Picture this: A meeting is called to review a deal the Sales team has been chasing for over a year. You are a Software-as-a-Service or SaaS provider, the deal is over $500K annual recurring revenue and have a 5-year contract. Needless to say, you really want to win. It’s down to your company and your number one competitor. In that meeting, the first question from CEO is, “How do we win this?” The SVP of Sales responses, “We’re well positioned, our coach says it’s ours to lose the only thing left is the Information Security review”. All eyes turn to the CTO. The CEO drops the second question everyone was already thinking, “Are we concerned about this InfoSec review?” The CTO’s response, “I need to review the InfoSec docs and get back to you.”

Not exactly the confidence needed to win the deal or to end to this type of meeting.

There are two notable areas of concern in this short conversation:

  • The CEO not knowing if InfoSec should be a concern
  • The CTO not knowing enough about the company’s Information Security program to respond with confidence

The scenario continues: The CTO calls and the forwards the documents to the person who wears the Information Security hat, among other roles. The CTO asks a question they should know the answer to, “Where are we with completion of our SOC 2 Type 2 audit, which is a requirement in InfoSec review process for this deal?” – SVP of Infrastructure response with a roll of the eys behind the phone, “We’re ready, but didn’t start the audit process yet. You didn’t approve the expenditure for the audit.” Yep, somebody is about to have an unpleasant conversation with the CEO.

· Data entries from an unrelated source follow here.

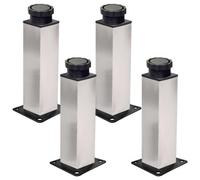 Highdecora Adjustable Furniture Legs, 150mm Stainless Steel, Cabinet Table Feet, Square Or Round (4, Square)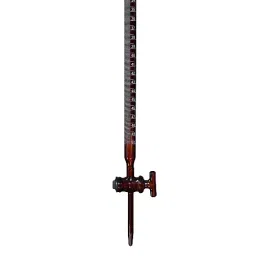 RELIGLAS 100 ml A Class Accuracy Burettes Amber Straight Bore Glass Key With Screw Nut Retaining Provision Stopcock, 01.003.17-12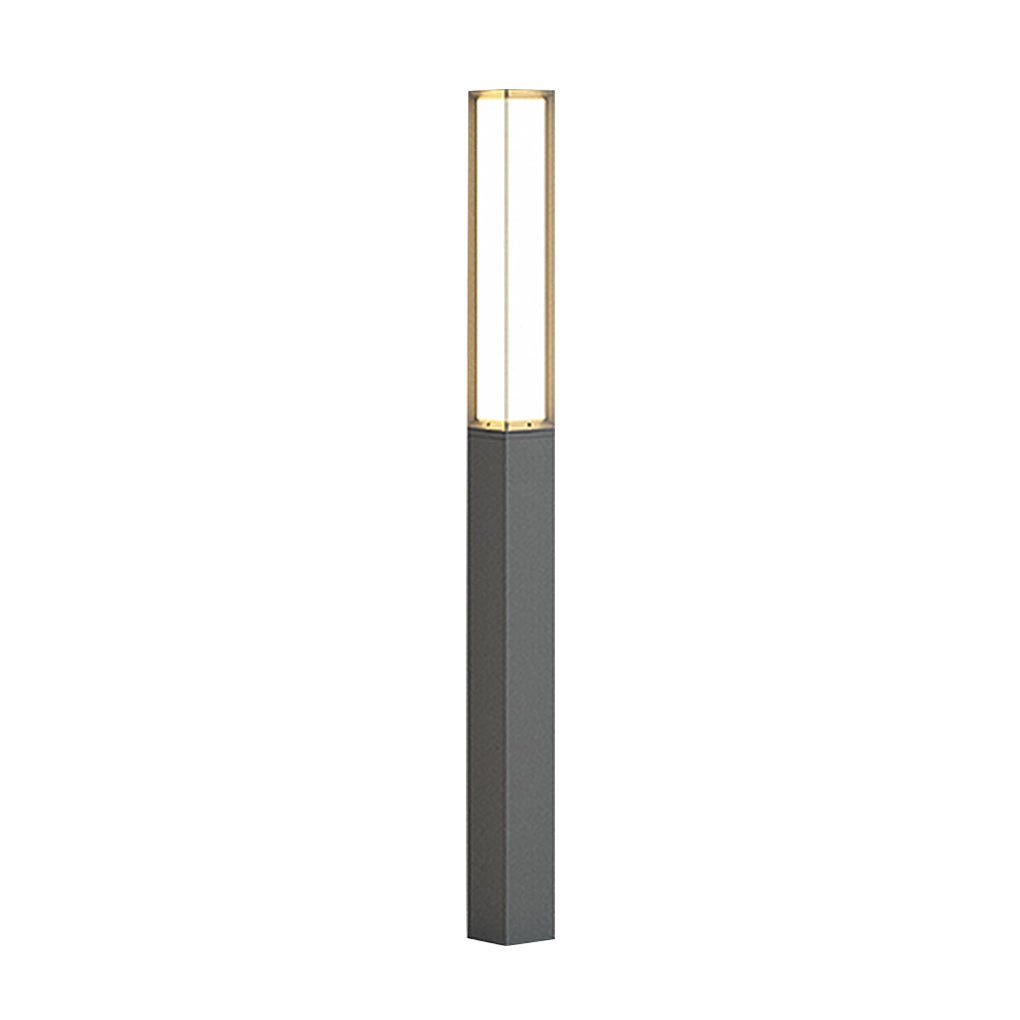 Classic Tall LED Bollard Light Waterproof Outdoor Pathway Landscape Lighting Black Aluminum PC IP54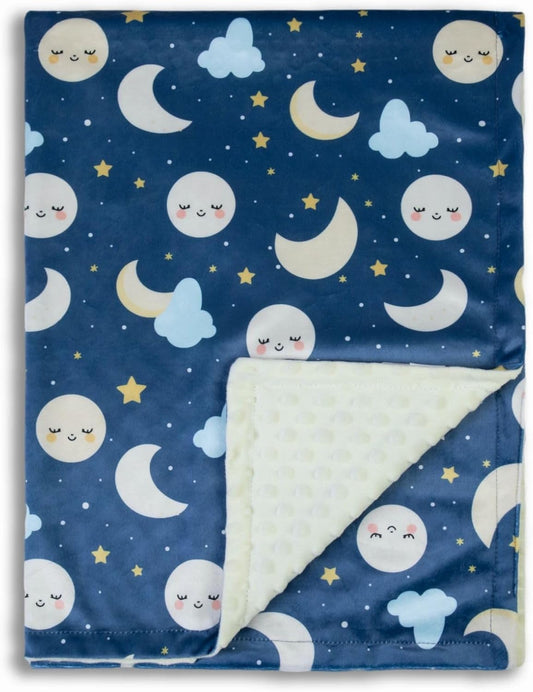 Baby Blankets for Unisex Boys Girls, Super Soft Nursery Minky Blankets, 30 x 40 inch Outer Space Printed Bed Throws Newborn (Night Sky)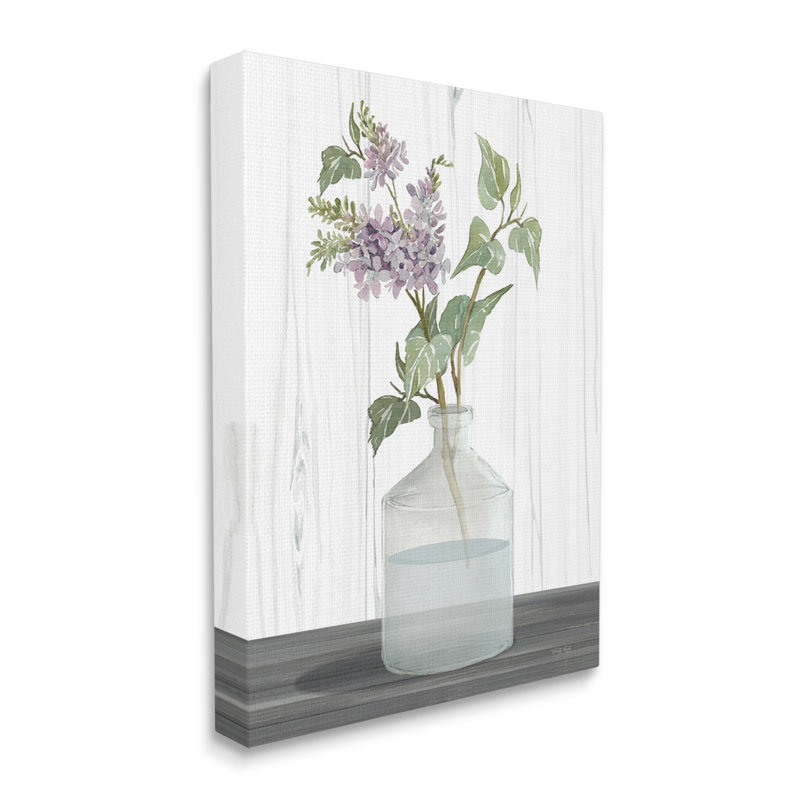 Printemps, lilas, brindille, fleurs de campagne pittoresques, pot de verre encadré, art texturé blanc par Cindy Jacobs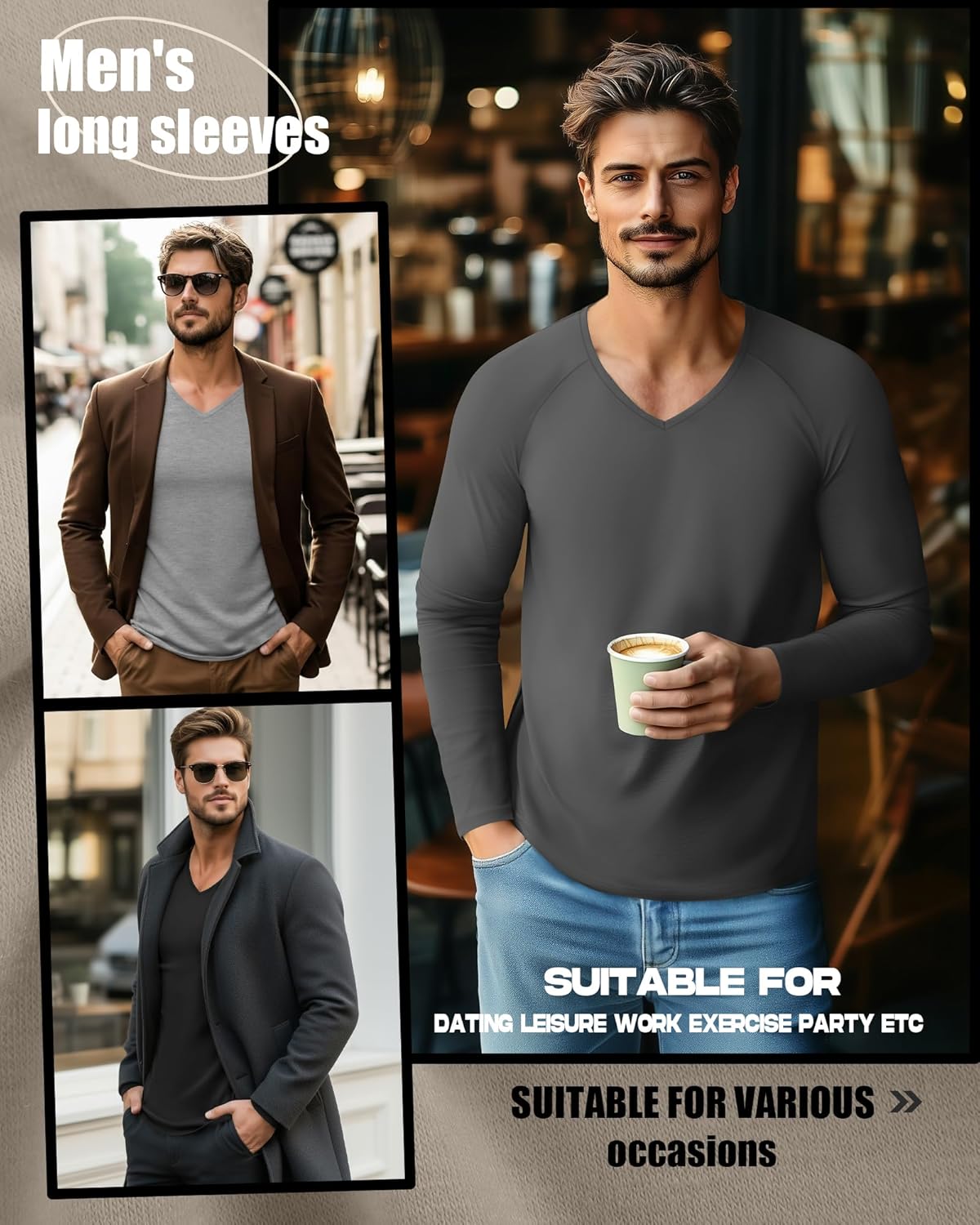 4 Pcs Mens Long Sleeve V Neck Shirts Raglan Sleeve Curved Hem Tees Lightweight Casual Basic Workout T Shirts - Image 5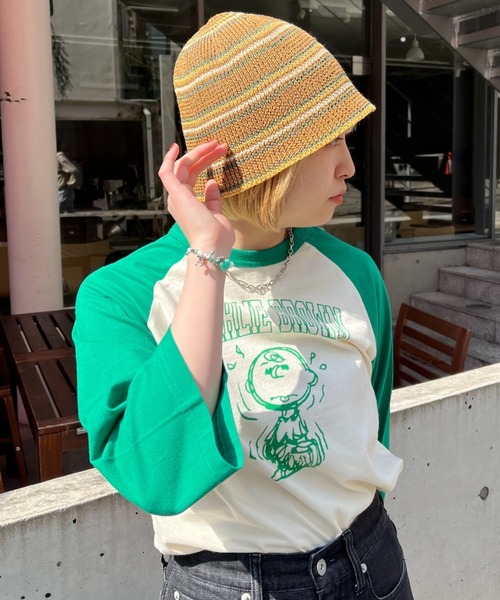 CIAOPANIC（チャオパニック）の「ボーダーサーモハット（ハット・レディース・ブラウン/アイボリー・FREE）」の7枚目の写真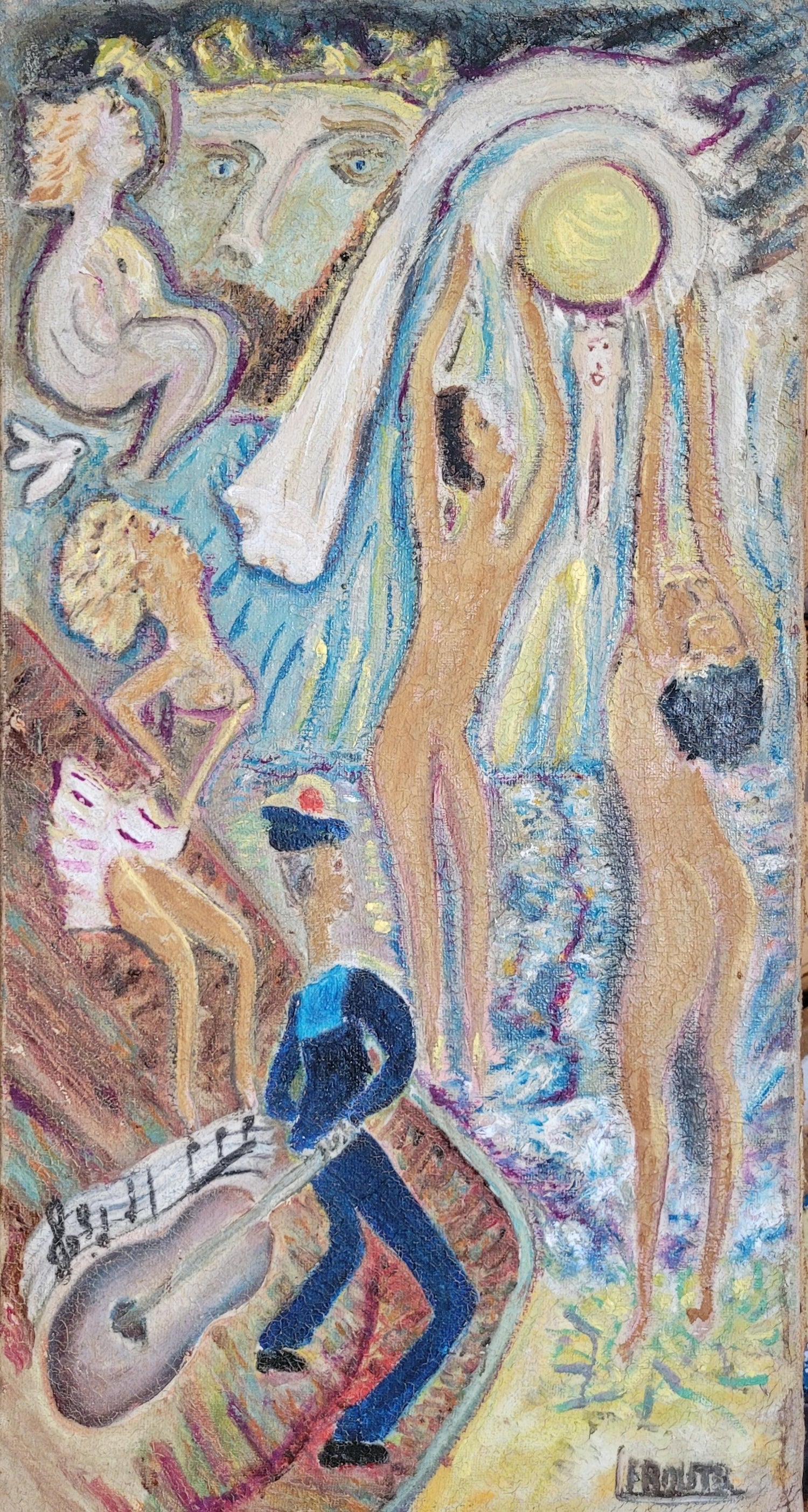 Surrealist Bulgarian French Israeli Riviera Scene Boats Oil Painting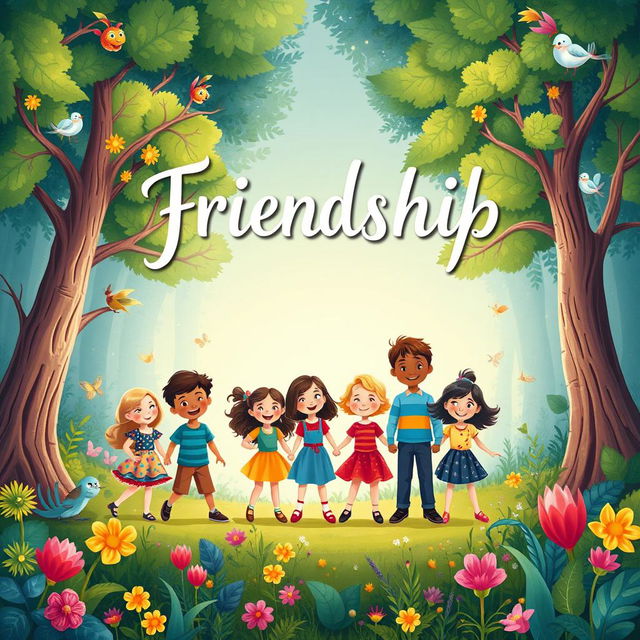 A captivating book cover illustration focused on childhood friendship, featuring a group of diverse children holding hands and smiling joyfully in a vibrant, enchanted forest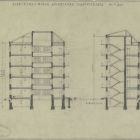 Terv - az Elektromos Művek bérházának (Fehérvári út-Hengermalom sarok Bp.) pályázata. A-B metszeti rajz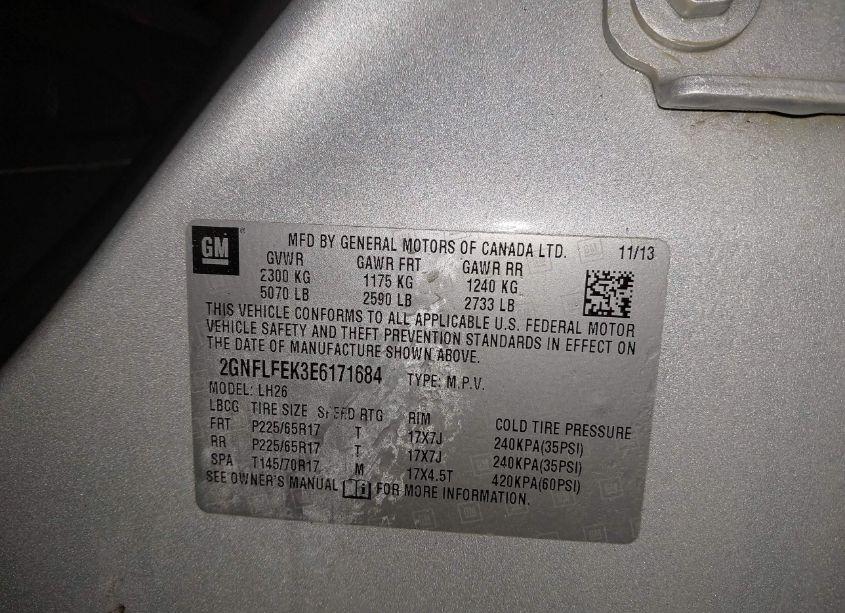 Photo 9 of 2014 Chevrolet Equinox 1LT (VIN 2GNFLFEK3E6171684)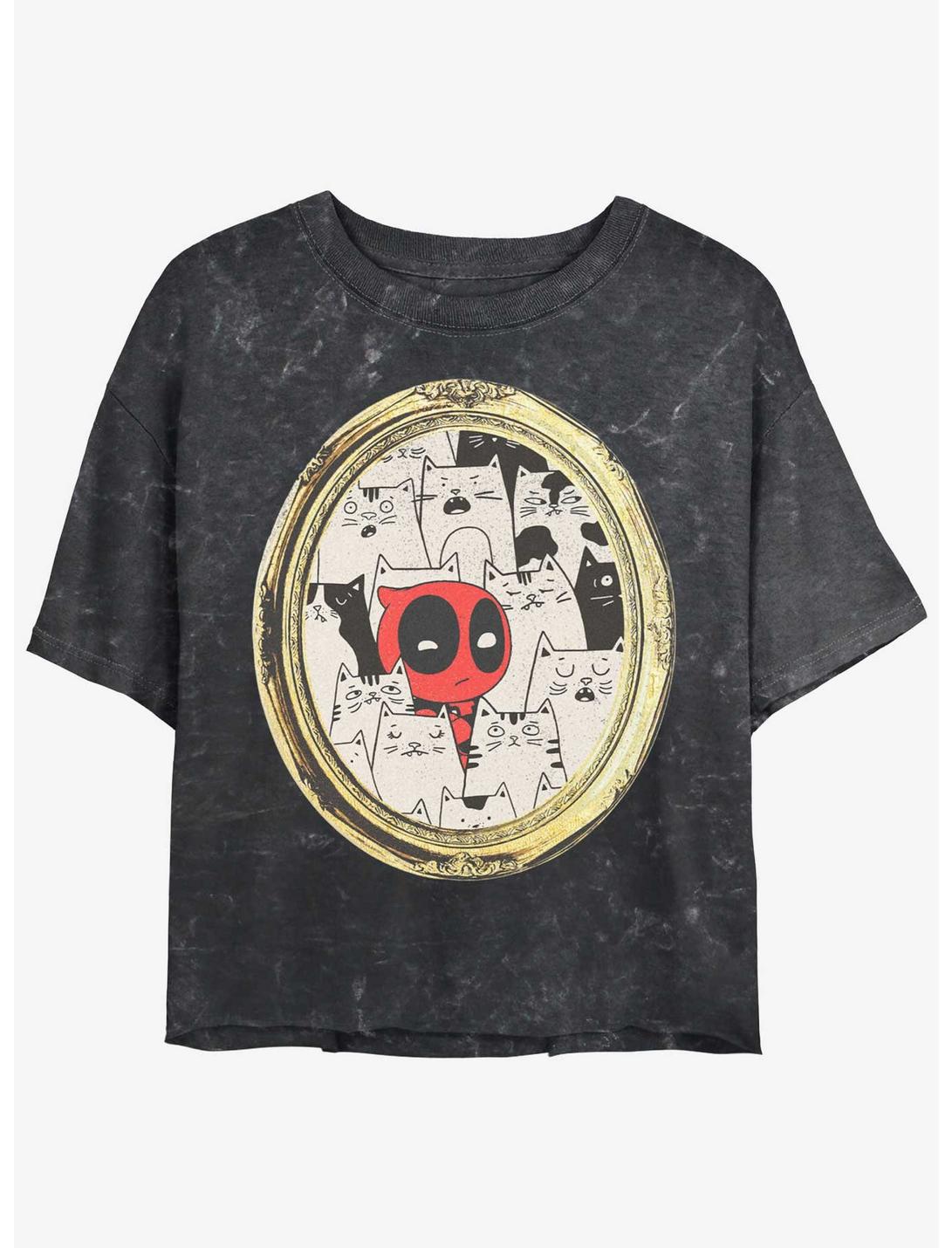 Marvel Deadpool Cats Rule Everything Around Me Portrait Girls Mineral Wash Crop T-Shirt
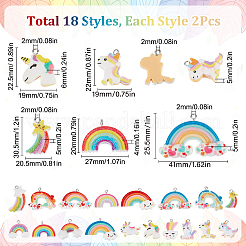 36шт 18 стиля непрозрачные подвески из смолы RESI-SC0002-40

Fast forward past the four letter words, heated emails and finger pointing. This can go down two ways:

  • Option A – You pass on this deal because there are some gaps in your Information Security program. Not an option as far as the CEO and SVP of Sales are concerned.
  • Options B – You really only have one option, remember this is a deal you want to win; ask for an extension on submitting the audit report and start the fire drill. Select an audit firm, bring in a consultant and get ready for some weekends and nights of work.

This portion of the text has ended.